The attorney explains that, under the protections provided by the separation of powers principle, the SEC has discretion over who it sues and what claims it makes. While Deaton believes the SEC can be challenged “based on gross abuse of discretion,” the lawyer believes the court will require hard evidence.
“Who the SEC elects to sue and the specific allegations it asserts are w/in the discretionary functions of the Executive Branch,” Deaton explains. “You can challenge a decision based on a gross abuse of discretion standard (extremely high standard to meet). You need specific evidence of misconduct.”
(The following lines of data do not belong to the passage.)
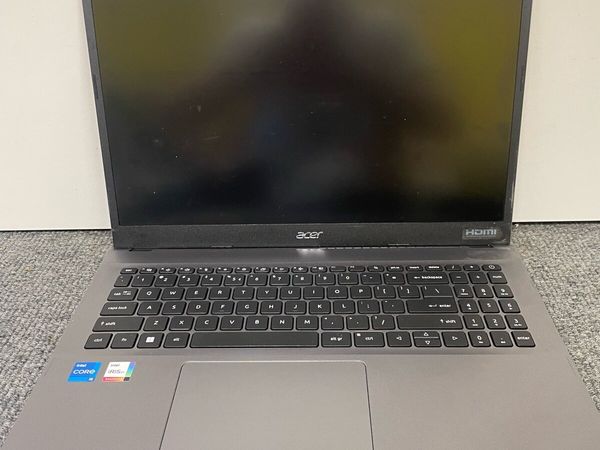 Acer Extensa 215 - Main image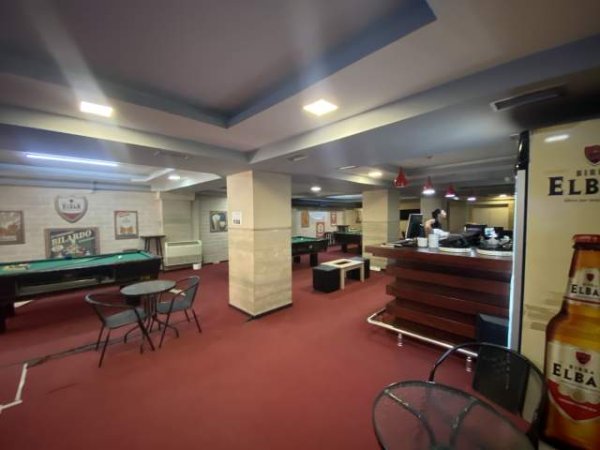 Tirane, Jepet me Qera ambjent biznesi Kati 0, 251m²  (Brryli (marteniteti i ri))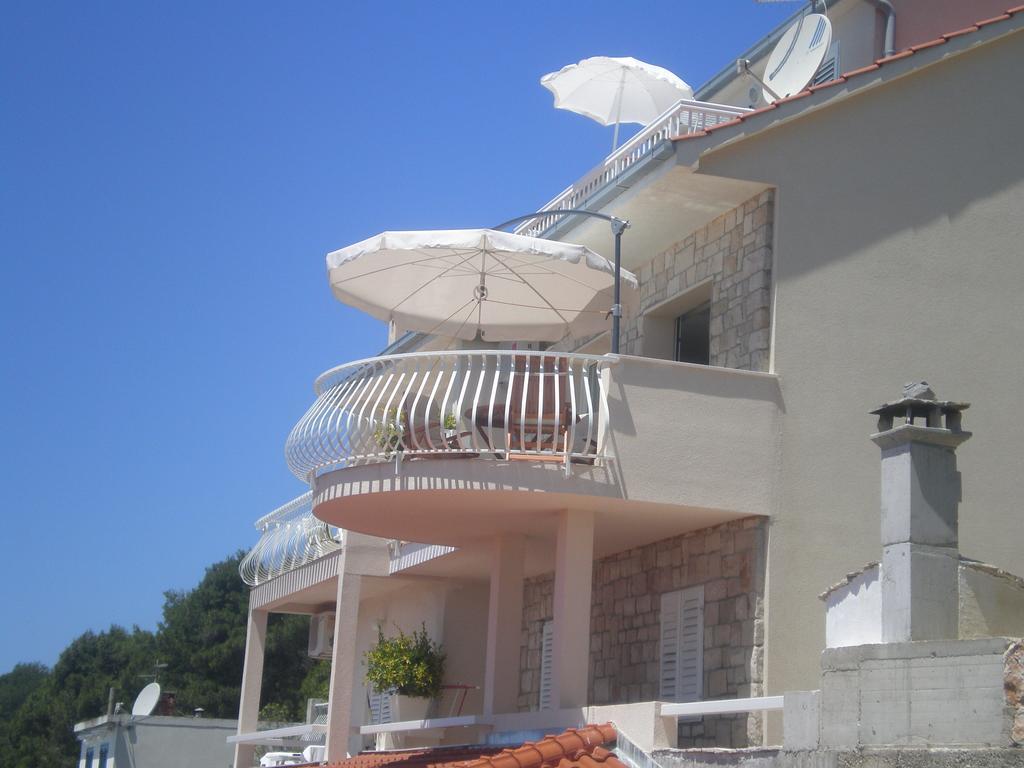 Apartments Tatjana Dominis Хвар Экстерьер фото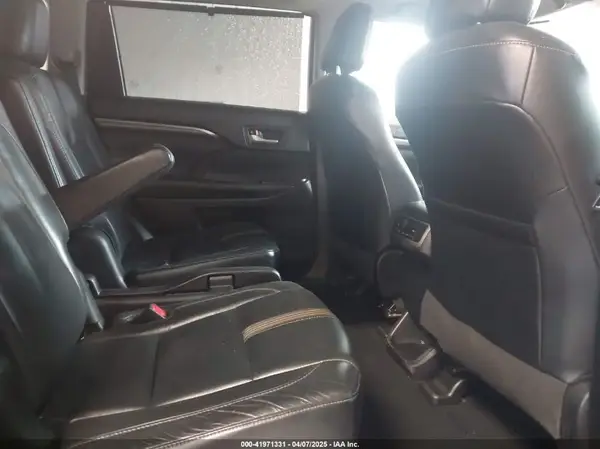 5TDJZRFH1HS421164 2017 TOYOTA HIGHLANDER - Image 8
To that end, Deaton believes an investigation into the SEC’s decision to sue Ripple and the reasoning behind its unprecedented claims is required. Furthermore, he claims that the XRP community will need to obtain subpoenas to access the emails of high-ranking SEC officials at the time who may have had the incentive to go after Ripple.
“You need specific evidence,” Deaton reiterated. “This is why we need an investigation into the decision to file the case and why it was filed, when it was filed, and how it was filed (the absurd broad allegations).”
“We need subpoena power to get personal emails between former SEC officials and interested 3rd parties. Was there a quid pro quo? There could be enough evidence to get over the hurdles and meet the high burden and not get dismissed quickly like the Madoff cases, but you need more.”
It is worth noting that, despite the SEC’s mandate to protect consumers, XRP holders have been the biggest losers in the SEC vs. Ripple case. Deaton pointed out in his writ of mandamus that the SEC’s determination that XRP is a security is unprecedented in over 70 years of securities law. It contradicts previous advice, such as Howey’s test. Notably, an investment contract can package anything as a security. However, this does not make the underlying asset security in and of itself.
Notably, Deaton revives this argument in his request to file an amicus brief in support of LBRY’s Motion To Limit The Remedies against the SEC.